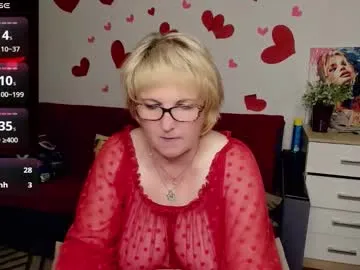 PinkyPai – webcam model profile photo Image 11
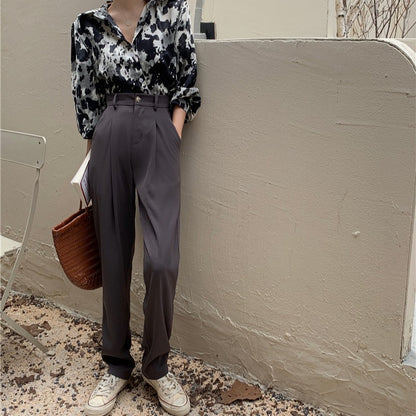 City Luxe Pants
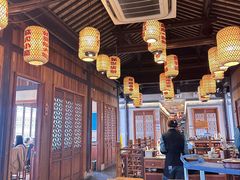 -二十八里太湖船菜(吉祥路店)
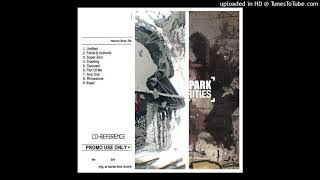 Linkin Park - Rhinestone/Forgotten (Demo) [Original Instrumental] (With Backing Vocals)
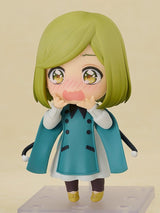 Witch Hat Atelier Nendoroid Figura Coco 10cm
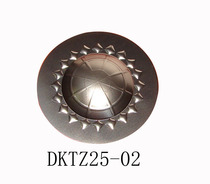 JBL-115 JBL-2412 and other speakers special high pitch film titanium film coil film Speaker accessories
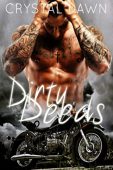 Dirty Deeds Crystal Dawn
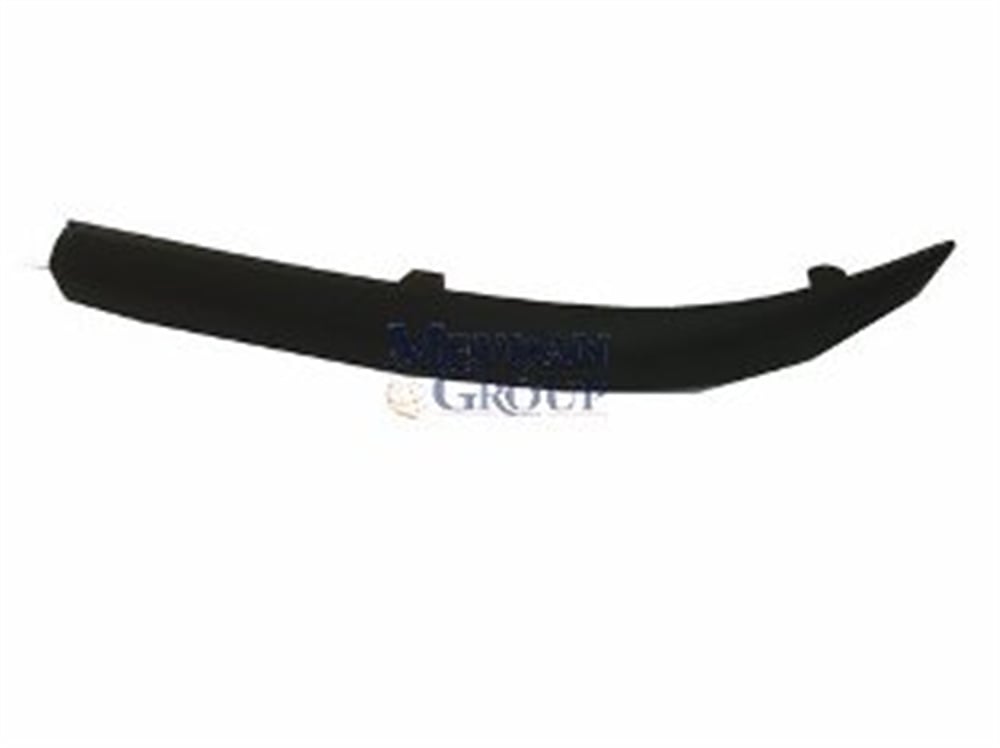 YEDEK PARÇAFord Focus- Hb- 02/05 Arka Tampon Bandı Sol Siyah Pütürlü (5Kapı) (Tüv) 2M5117C773Ae.YygyMEYDAN827-2612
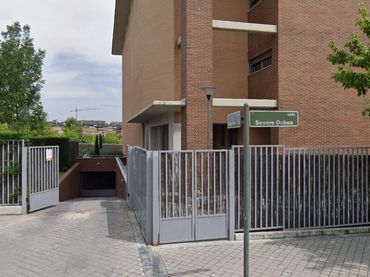 Aparcament en venda a C/ Severo Ochoa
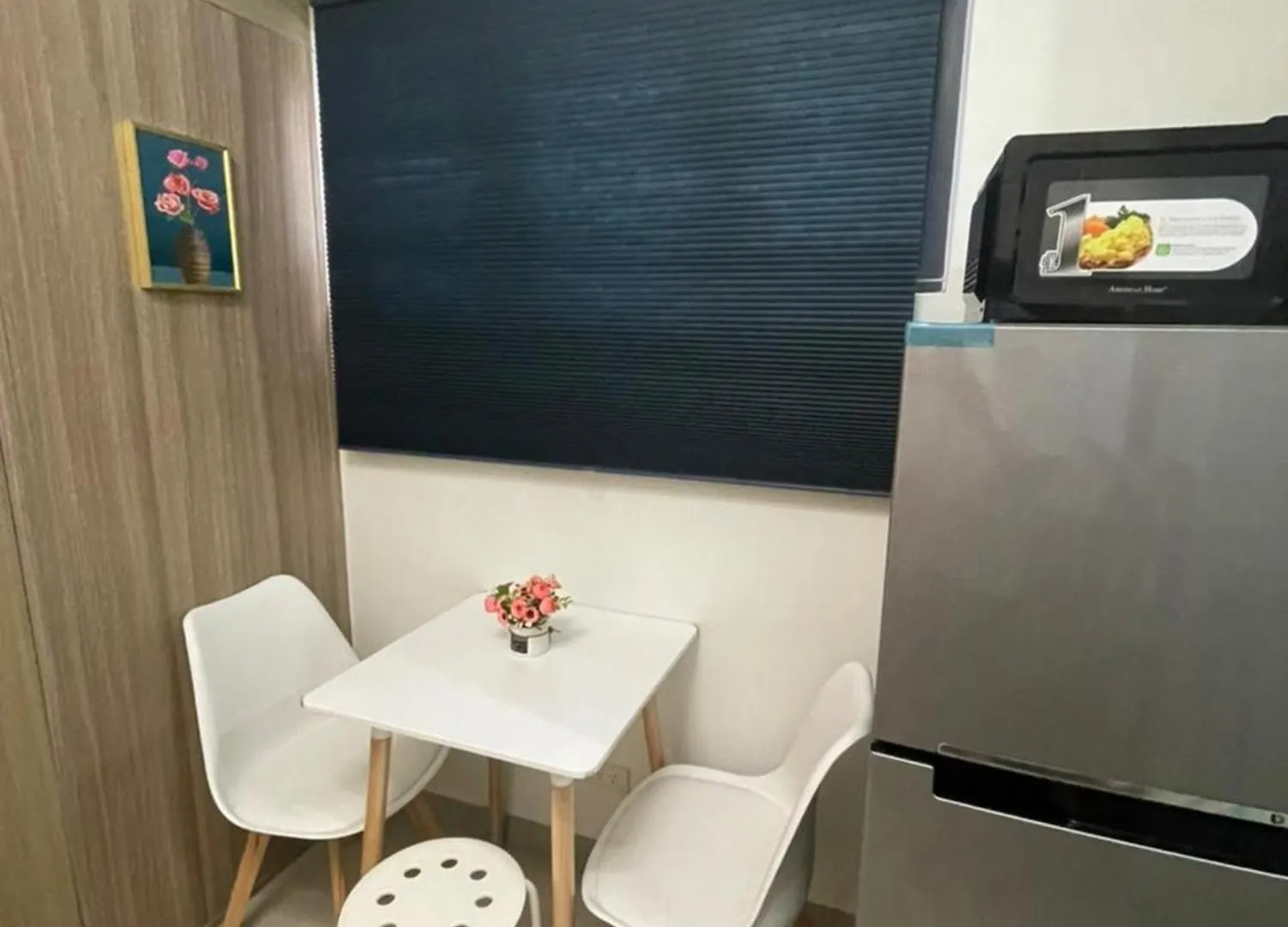 Apartment Moa Staycation At Shore 2 Manila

────

» WHAT YOU WILL DO: Output exactly the stretch of the listing that begins at the line containing "JBL-115 JBL-2412 and" and ends at the line containing "Aparcament en venda a C/ Severo Ochoa", both kept. Omit pictures and everything else.

» EXERCISE ANSWER:
 JBL-115 JBL-2412 and other speakers special high pitch film titanium film coil film Speaker accessories
 Dirty Deeds Crystal Dawn
 YEDEK PARÇAFord Focus- Hb- 02/05 Arka Tampon Bandı Sol Siyah Pütürlü (5Kapı) (Tüv) 2M5117C773Ae.YygyMEYDAN827-2612
 Aparcament en venda a C/ Severo Ochoa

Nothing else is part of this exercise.